**Aim of the exercise:** Only those lines in the data below from the line containing "ai character: Ruu background" through the line containing "Imagen de contenido", both included, should be restated word for word.

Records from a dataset

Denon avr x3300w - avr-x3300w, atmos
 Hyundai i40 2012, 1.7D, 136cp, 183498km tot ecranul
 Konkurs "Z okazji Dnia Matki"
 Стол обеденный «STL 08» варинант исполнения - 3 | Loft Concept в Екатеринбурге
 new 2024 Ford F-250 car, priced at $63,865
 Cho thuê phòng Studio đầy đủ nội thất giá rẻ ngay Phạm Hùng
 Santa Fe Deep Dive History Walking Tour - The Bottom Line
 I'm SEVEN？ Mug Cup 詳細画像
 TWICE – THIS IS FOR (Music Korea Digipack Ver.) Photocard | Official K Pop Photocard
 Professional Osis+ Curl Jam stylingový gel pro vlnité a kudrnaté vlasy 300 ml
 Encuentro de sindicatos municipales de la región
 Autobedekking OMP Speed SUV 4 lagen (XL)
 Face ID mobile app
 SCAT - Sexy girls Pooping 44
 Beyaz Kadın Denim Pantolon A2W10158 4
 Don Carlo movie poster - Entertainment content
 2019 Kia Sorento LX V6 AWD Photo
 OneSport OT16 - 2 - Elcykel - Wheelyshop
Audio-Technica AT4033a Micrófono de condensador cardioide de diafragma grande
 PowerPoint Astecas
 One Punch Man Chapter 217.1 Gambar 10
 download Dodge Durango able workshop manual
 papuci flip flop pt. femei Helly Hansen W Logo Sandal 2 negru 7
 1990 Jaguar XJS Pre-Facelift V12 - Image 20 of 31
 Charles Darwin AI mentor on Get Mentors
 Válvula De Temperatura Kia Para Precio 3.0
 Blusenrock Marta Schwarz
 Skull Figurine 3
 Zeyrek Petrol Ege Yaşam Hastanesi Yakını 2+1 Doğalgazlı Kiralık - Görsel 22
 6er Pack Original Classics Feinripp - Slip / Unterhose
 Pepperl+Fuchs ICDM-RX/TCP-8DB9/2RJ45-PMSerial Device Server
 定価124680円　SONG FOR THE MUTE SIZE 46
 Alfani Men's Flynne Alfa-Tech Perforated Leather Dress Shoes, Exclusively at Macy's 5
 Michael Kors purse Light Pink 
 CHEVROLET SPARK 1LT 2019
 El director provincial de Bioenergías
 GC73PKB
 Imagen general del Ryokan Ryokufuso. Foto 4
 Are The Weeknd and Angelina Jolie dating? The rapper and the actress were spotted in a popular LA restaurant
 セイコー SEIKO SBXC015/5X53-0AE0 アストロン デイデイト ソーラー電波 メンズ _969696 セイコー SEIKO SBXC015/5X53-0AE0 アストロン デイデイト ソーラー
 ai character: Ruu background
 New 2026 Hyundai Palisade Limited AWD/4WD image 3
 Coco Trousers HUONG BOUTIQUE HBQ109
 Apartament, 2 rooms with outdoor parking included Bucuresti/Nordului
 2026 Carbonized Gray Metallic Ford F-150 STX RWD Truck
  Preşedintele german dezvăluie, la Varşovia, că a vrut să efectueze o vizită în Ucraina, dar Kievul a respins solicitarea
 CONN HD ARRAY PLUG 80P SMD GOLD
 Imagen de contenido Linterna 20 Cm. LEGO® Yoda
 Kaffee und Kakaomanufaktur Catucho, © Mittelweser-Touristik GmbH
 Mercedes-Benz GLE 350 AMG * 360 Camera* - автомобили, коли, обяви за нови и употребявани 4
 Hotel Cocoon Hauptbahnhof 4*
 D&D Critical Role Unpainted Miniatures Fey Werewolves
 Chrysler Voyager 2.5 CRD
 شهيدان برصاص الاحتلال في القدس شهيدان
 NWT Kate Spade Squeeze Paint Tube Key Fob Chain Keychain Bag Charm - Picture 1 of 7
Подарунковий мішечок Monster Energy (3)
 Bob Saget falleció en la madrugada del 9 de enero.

**Output:**
 ai character: Ruu background
 New 2026 Hyundai Palisade Limited AWD/4WD image 3
 Coco Trousers HUONG BOUTIQUE HBQ109
 Apartament, 2 rooms with outdoor parking included Bucuresti/Nordului
 2026 Carbonized Gray Metallic Ford F-150 STX RWD Truck
  Preşedintele german dezvăluie, la Varşovia, că a vrut să efectueze o vizită în Ucraina, dar Kievul a respins solicitarea
 CONN HD ARRAY PLUG 80P SMD GOLD
 Imagen de contenido Linterna 20 Cm. LEGO® Yoda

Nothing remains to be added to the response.